3. Hukuk Dairesi 2016/4253 E. , 2017/15246 K.
"İçtihat Metni"MAHKEMESİ :ASLİYE HUKUK MAHKEMESİ
Taraflar arasındaki menfi tespit davasının mahkemece yapılan yargılaması sonucunda, davanın reddine yönelik olarak verilen hükmün, süresi içinde davacı vekili tarafından temyiz edilmesi üzerine; temyiz dilekçesinin kabulüne karar verildikten sonra, dosya içerisindeki kağıtlar okunup gereği düşünüldü:
Y A R G I T A Y K A R A R I
Davacı; tarımsal sulama abonesi olduğunu, sayacın okunmasında usulsüz kullanımın tespit edildiğini, ceza dosyasında davalı kurum zararın 12.506,00 TL olarak tespit edildiğini, bu zarar bedelini davalı kuruma ödendiğini, buna rağmen davalı kurumun 106.168,30 TL borç bildiriminde bulunduğunu, ceza dosyasındaki tespite rağmen 93.662,00 TL fazla borç bildirildiğini belirterek, 93.662,00 TL yönünden borçlu olmağının tespitini karar verilmesini talep ve dava etmiştir.
Davalı, davanın reddine karar verilmesini talep etmiştir.
Mahkemece, davanın reddine karar verilmiş, hüküm davacı vekili tarafından temyiz edilmiştir.
1- Dosyadaki yazılara, kararın dayandığı delillerle kanuni gerektirici sebeplere ve özellikle delillerin takdirinde bir isabetsizlik görülmemesine göre, davacının sair temyiz itirazları yerinde değildir.
2- Dava, kaçak elektrik kullanımından dolayı tahakkuk ettirilen faturalardan borçlu olmadığının tespiti istemine ilişkindir.
Somut olayda; dava konusu kullanıma ilişkin davacının sanık sıfatıyla yer aldığı ... Asliye Ceza Mahkemesi 2010/283 Esas, 2013/231 Karar sayılı ve 01.09.2013 tarihli kararında davacının karşılıksız yararlanma fiili sabit görülmüş, 12.506,11 TL kurum zararının sanık tarafından karşılanmış ve hükmün açıklanmasının geri bırakılmasına karar verilmiştir.

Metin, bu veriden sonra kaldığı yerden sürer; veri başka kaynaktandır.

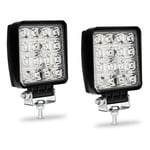 2x 48W Phare de Travail Carre a Leds dc 12V-24V Quad Camion Bateau Tracteur Offroad Impermeable IP67 - Tolletour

O halde; mahkemece, davacının, ceza yargılamasında kurum zararının karşılanması için yapmış olduğu 12.506,11 TL tutarındaki ödemenin, davalı kuruma olan ve aynı eylemden doğan borcundan mahsubu gerekirken, yazılı şekilde yazılı şekilde hüküm kurulması usul ve yasaya aykırı olup, bu husus bozmayı gerektirmiştir.
-2-
SONUÇ; Yukarıda birinci bentte yazılı nedenler ile davacının sair temyiz itirazlarının reddine, ikinci bentte yazılı nedenler ile hükmün HUMK.nun 428. maddesi gereğince davacı yararına BOZULMASINA ve peşin alınan temyiz harcının istek halinde temyiz edene iadesine, 6100 sayılı HMK"nun geçici madde 3 atfıyla 1086 sayılı HUMK.nun 440.maddesi gereğince kararın tebliğinden itibaren 15 günlük süre içerisinde karar düzeltme yolu açık olmak üzere, 02.11.2017 tarihinde oybirliğiyle karar verildi.